Soren Vael in a clearing with a dead Beast soldier's last memory pointed straight at him. That wasn't nothing. But it also wasn't enough to tell me what it meant yet, and I didn't move on data I couldn't read.

I was still turning it over when Rhea appeared.

She didn't come the way she usually did. Usually there was a slow brightening at the edge of my vision, something gradual I'd learned to recognise over twenty-one years, warm and careful the way she was always careful with me.

This was nothing like that.

She came all at once, blazing, so sharp and sudden I stepped back before I caught myself. She was light and shape and the impression of a woman who had been my mother, and in twenty-one years she had never once looked like this.

She was afraid.

I had no other word for it. Whatever Rhea was made of now, whatever a spirit carries instead of a body, every part of it was pulled tight with something that looked like terror.

She pressed into my mind. Not an image. Just one word, shoved in hard enough that I felt it behind my eyes like a physical thing.

RUN.

I didn't run. I stood still and looked at where she burned in the dark and I waited for more.

She had nothing left. Whatever that word cost her, it took everything she had. She flickered at the edges, going thin, the way she did when the energy ran out. Her shape dissolved.

Gone.

The field was empty and cold and I was the only thing standing in it.

I made myself think. Soren's face in a dead soldier's memory. Rhea, who had never panicked, who had spent two decades being careful with every single impression she pushed through to me, showing up blazing and afraid and spending herself completely on a single word.

One word she'd never used before.

Behind me my contact was probably still at his lamp, still counting. Ten minutes left, maybe. I could go back and buy information about recent Beast casualties near the northern ridgeline.

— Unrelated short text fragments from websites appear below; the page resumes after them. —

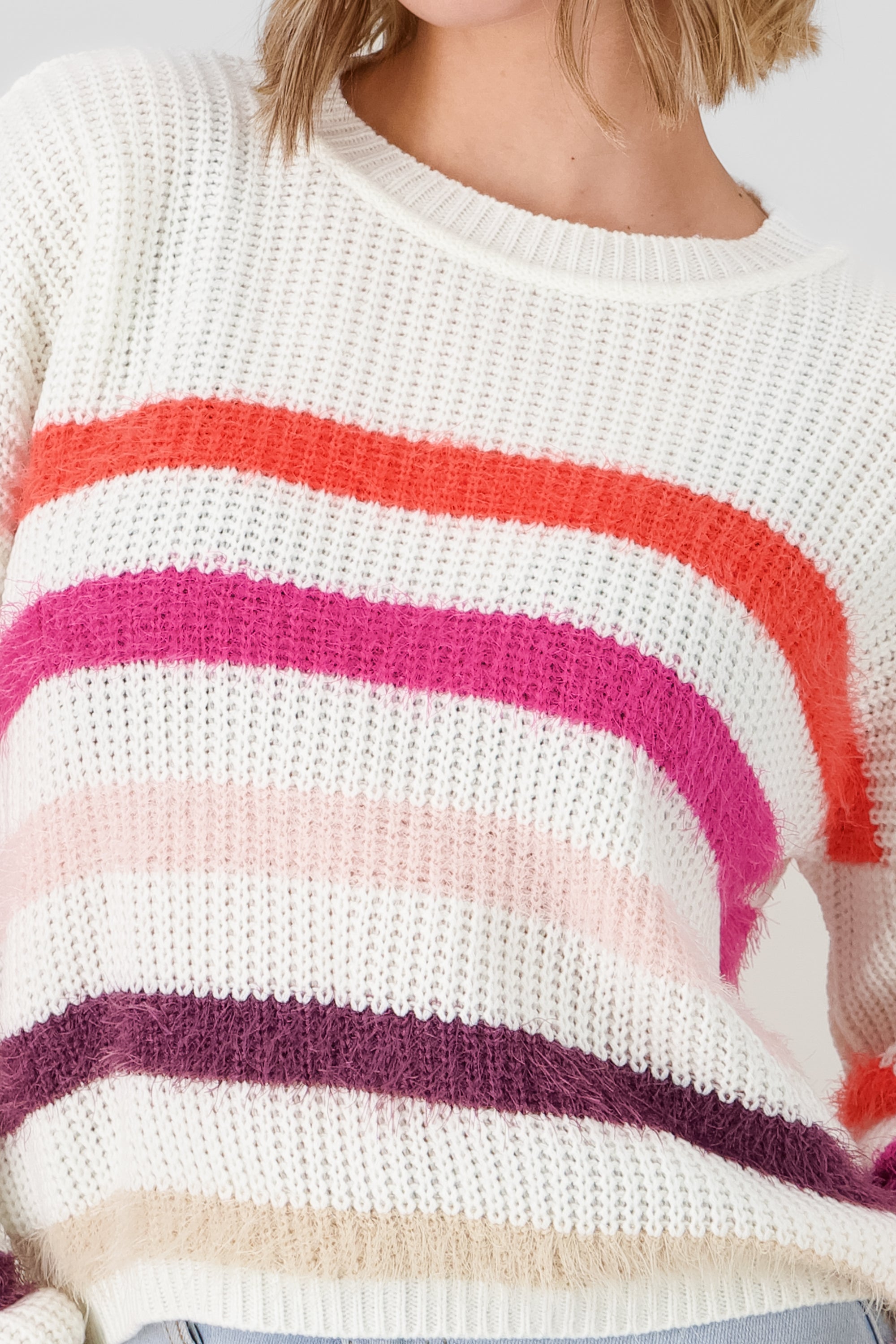 Striped Knit Sweater WHITE COMBO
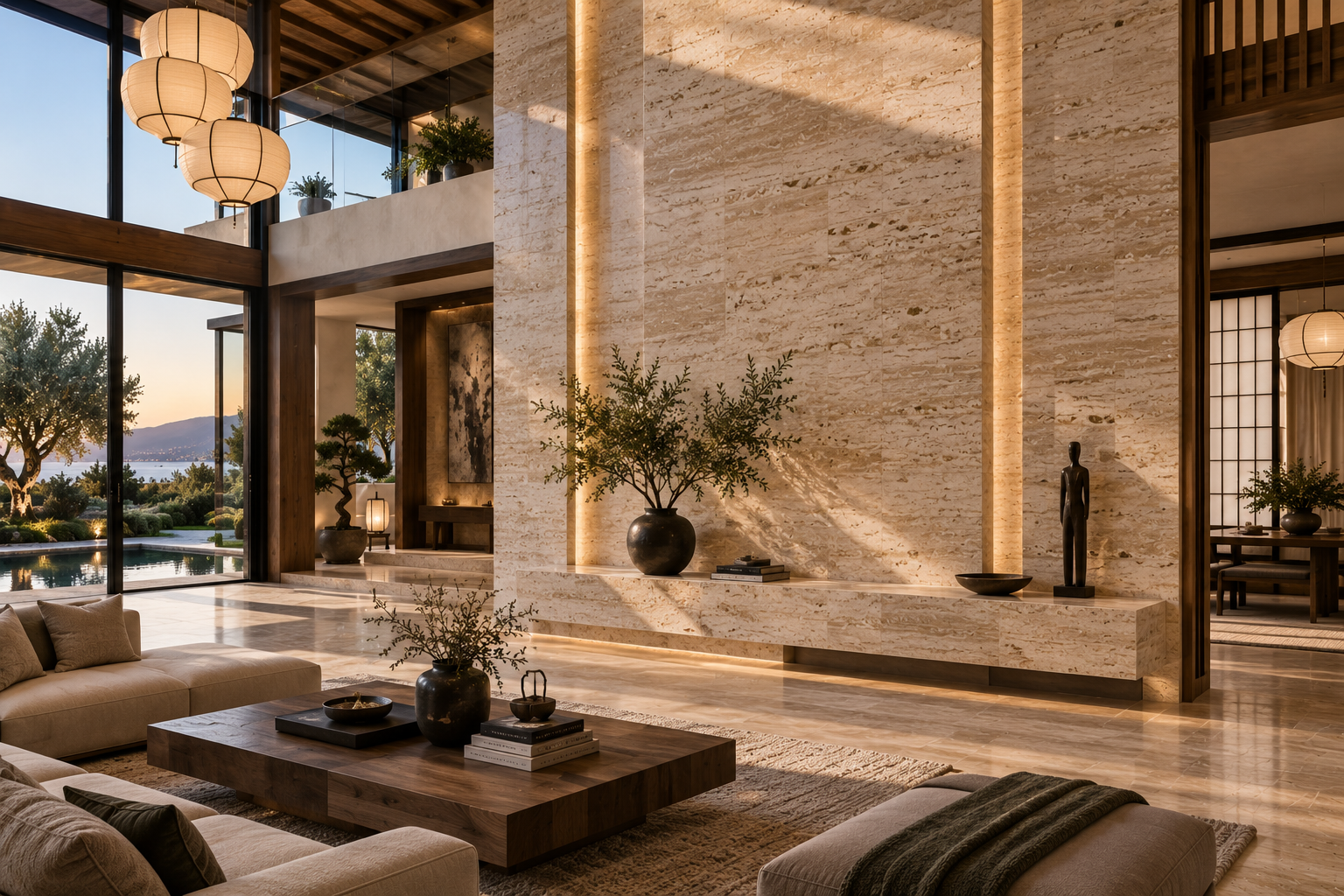 Custom travertine wall installation in Vancouver and Los Angeles, showcasing natural travertine feature walls, stone cladding, textured surfaces, and architectural detailing by Mr. Marble & Stone.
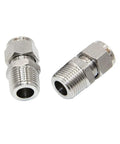 Pair of 304 stainless steel compression fittings for 1/4" OD tube to 1/8" NPT male coupler with double ferrules pack of two.
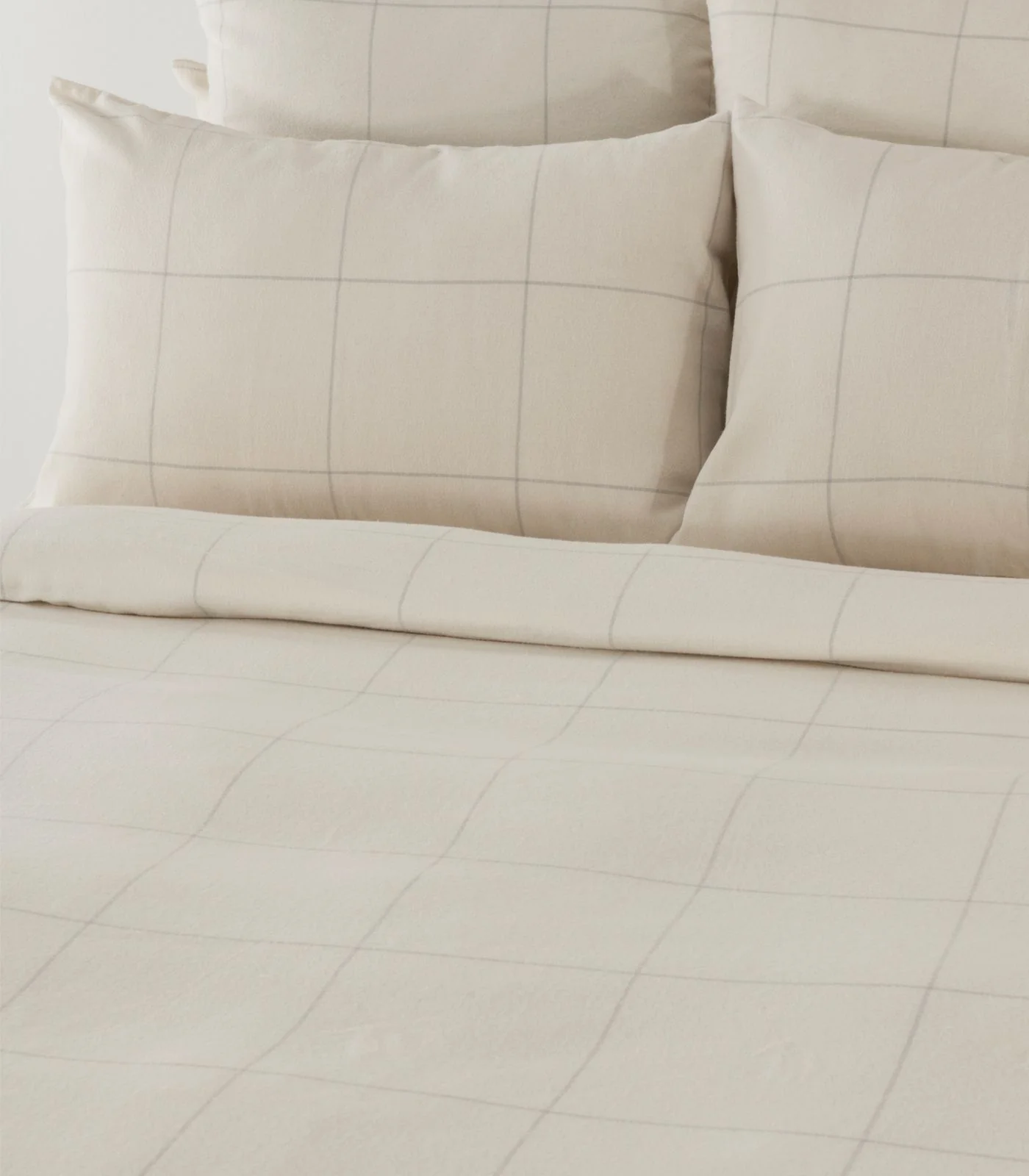 Organic Cotton Flannelette Quilt Cover Set - Windowpane - Image 3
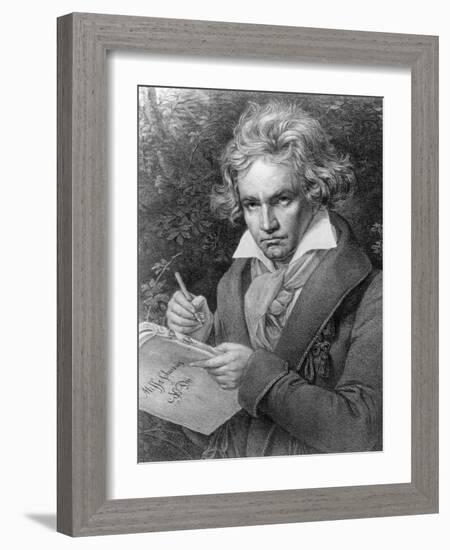 Ludwig Van Beethoven Composing His 'Missa Solemnis', 1819-Joseph Karl Stieler-Framed Giclee Print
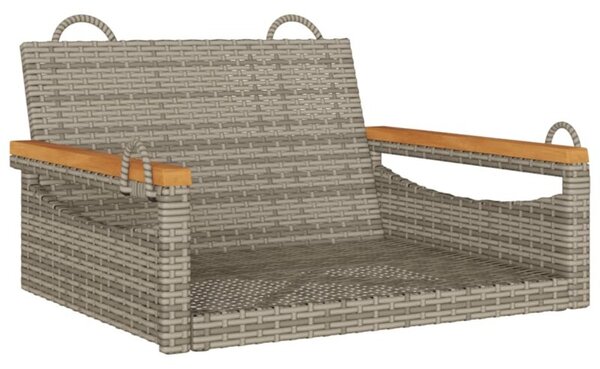 Ławka bujana, szara, 63x62x40 cm, polirattan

He'd charge extra. I had enough.

I was calculating the cost when I heard the footsteps.

Not the stumbling of a new spirit. Real footsteps, multiple, coming through the eastern trees in a pattern that meant training. Spaced out. Coordinated. Already cutting off the angle I would have taken north if I'd run the second Rhea told me to.

They had been moving before I heard them. Which meant they had my route before I made it.

I counted by sound. Five. Maybe six.

I turned south, the one direction they hadn't closed yet, and I ran.